David Duke may be the most unabashed racist bigot to make a name in American politics. A self-described “racial realist,” Duke was the former Grand Wizard of the Louisiana-based Knights of the Ku Klux Klan, which he founded in 1974. A well-groomed and professional Klansman who wore a business suit instead of the Klan’s traditional white robes, Duke entered politics in 1975 when he ran for the Louisiana State Senate as a Democrat. After his unsuccessful Senate campaign and later an aborted presidential run, Duke formed the National Association for the Advancement of White People (NAAWP) to shed himself of the Klan tag. In 1988, Duke changed his political affiliation for Democrat to Republican. A year later, he mounted a successful run in the special election for a vacated Louisiana House seat.

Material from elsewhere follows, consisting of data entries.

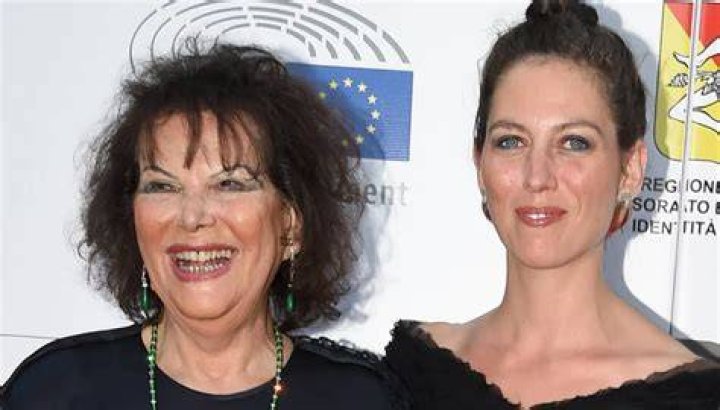 Claudia Squitieri &mdash; &Agrave; propos &mdash; Slash Paris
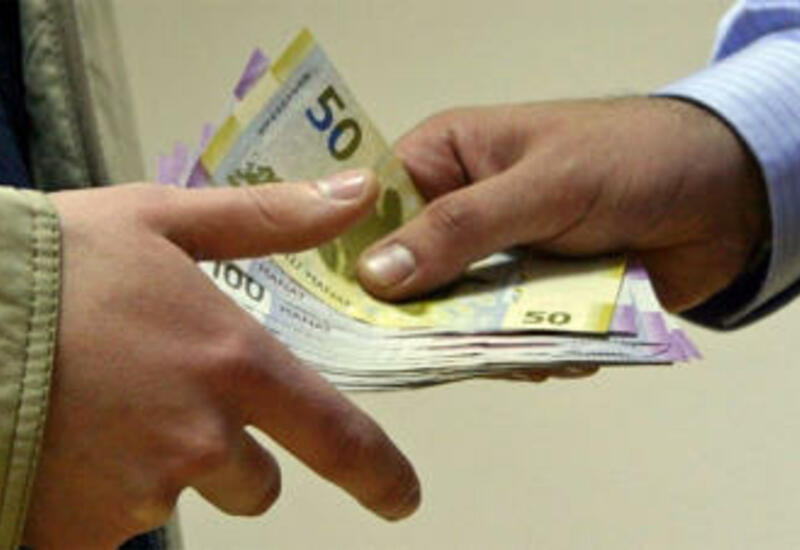 В Азербайджане выросла среднемесячная зарплата наемных работников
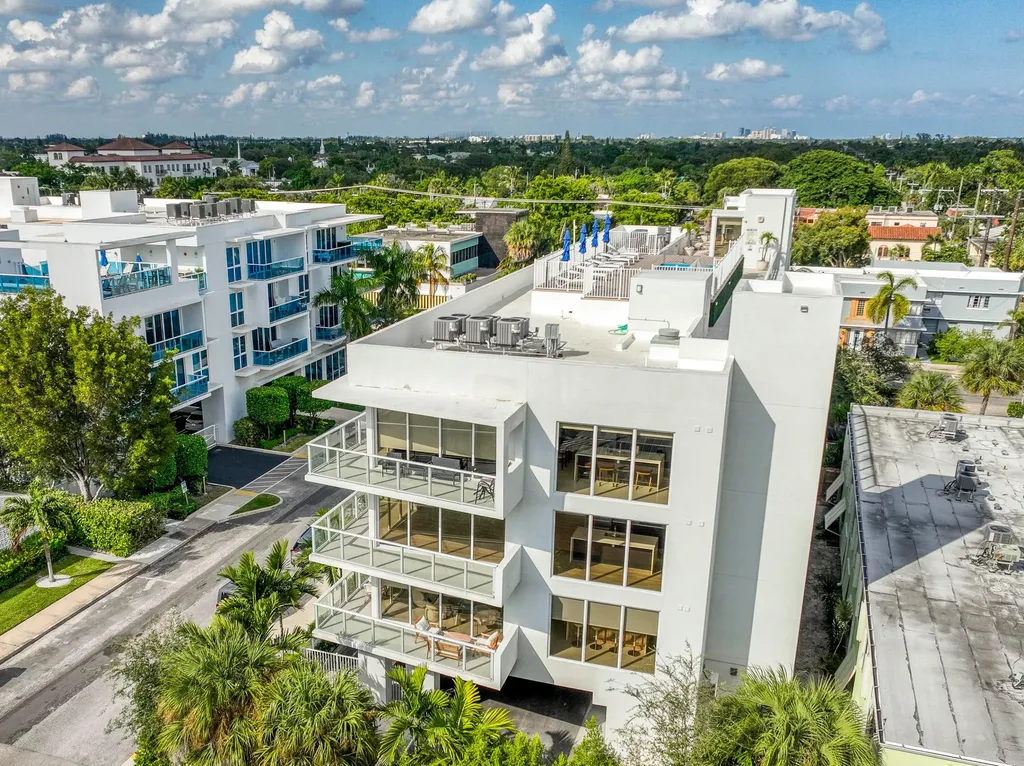 117 Lake Avenue Lake Worth Beach FL 33460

Duke served in Congress from 1990 to 1992. Duke’s legacy will forever be marked by his stance against both legal and illegal immigration, his support of Holocaust deniers, his labeling of the Ku Klux Kan as “pro-white” rather than anti-Black. Earlier this year, Duke announced that he is considering running in the 2012 presidential election.
Mauch, a former head of the Sons of the Confederate Veterans, proved the present day political clout of white supremacists, winning a seat last year in the Arkansas House of Representatives. Never one to back away from his white supremacist views, Mauch declared the Confederate flag a symbol of Jesus Christ, and has even said he believes Abraham Lincoln did not follow the Constitution. As late as 2005, Mauch was listed as the chairman of an Arkansas chapter of the League of the South, a neo-Confederate organization that advocates for the second secession of the south and for a society dominated by white rule.

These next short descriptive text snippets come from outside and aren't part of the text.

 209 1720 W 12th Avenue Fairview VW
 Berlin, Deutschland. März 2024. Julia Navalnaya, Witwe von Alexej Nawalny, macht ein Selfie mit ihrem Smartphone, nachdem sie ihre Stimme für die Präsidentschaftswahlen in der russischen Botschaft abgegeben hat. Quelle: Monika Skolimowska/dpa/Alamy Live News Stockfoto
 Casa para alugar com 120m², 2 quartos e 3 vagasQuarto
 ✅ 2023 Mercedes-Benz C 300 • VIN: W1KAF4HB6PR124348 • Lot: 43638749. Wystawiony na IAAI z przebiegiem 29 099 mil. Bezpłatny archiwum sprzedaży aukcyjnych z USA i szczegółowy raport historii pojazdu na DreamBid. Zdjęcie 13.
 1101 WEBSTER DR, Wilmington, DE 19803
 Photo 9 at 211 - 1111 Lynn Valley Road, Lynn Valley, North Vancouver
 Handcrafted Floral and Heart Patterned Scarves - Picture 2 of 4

3. Mississippi State Rep. John Moore
Elected to the House of Representative in, John Moore has called civil rights a “philosophical idea” about “one group of people,” and has advocated against it a bill to make teaching civil rights mandatory in Mississippi schools. Moore has also given speeches at various rally sponsored by the Council of Conservative Christians, a group that has worked hard to deny its racist sentiments, but who the Republican National Committee has openly condemned in 1999 and that the Southern Poverty Law Center has described as a crudely white supremacist group whose website has run pictures comparing pop singer Michael Jackson to an ape and referred to blacks as “a retrograde species of humanity.” Moore has defended his affiliation with the group saying he felt “very comfortable” meeting with the group’s members.
4. Minnesota State Rep. Michele Bachmann
Although Bachmann has not been linked to any white supremacist groups, she’s among a new crop of political bigots who blur the line between blatant racists and those who understand the art of concealing their ideologies. Despite not being an unabashed bigot, Bachmann’s Tea Party affiliation, the party’s questionable record on race and numerous racial gaffes have prompted many to see her as a racist conservative. Earlier this year Bachmann endorsed a pledge that claimed Black families were better off during slavery. She also railed against a government settlement paid to Black framers, who claimed the federal government discriminated against them for decades. In another instance she claimed, “Not are cultures are equal, not all values all equal.” And she consistently panders to the racially based economic fears saying America might suffer conditions comparable to Africa. Overlooking a number of suffering economies, Bachmann said we may be the next ‘Zimbabwe.”
Like Bachmann, Rick Perry is an ambiguous bigots whose records and affiliations are not blatant enough to call him racist, yet the racist tone of his politics straddles the line. Just recently, Perry came under fire after it was learned that his family’s leased hunting compound in West Texas was named “Niggerhead Ranch.” Perry’s racist tag also has much to do with his relationship with Karl Rove, whose political mentor was Lee Atwater — the master of Southern racial politics known infamously for crafting the 1988 Willie Horton attack ad on the Democratic presidential candidate Michael Dukakis. The Perry-Rove connection also draws racist claims as Rove has become known for his part in what many call a targeted effort to eliminate thousands of votes among black and elderly voters in the 2000 election between George W. Bush and Al Gore. Perry also openly embraced and defended the Confederate flag when the NAACP campaigned to remove the flag from statehouses and other government buildings across the South. Then lieutenant governor of Texas, Perry said the flags should not be removed and that Texans “should never forget our history.”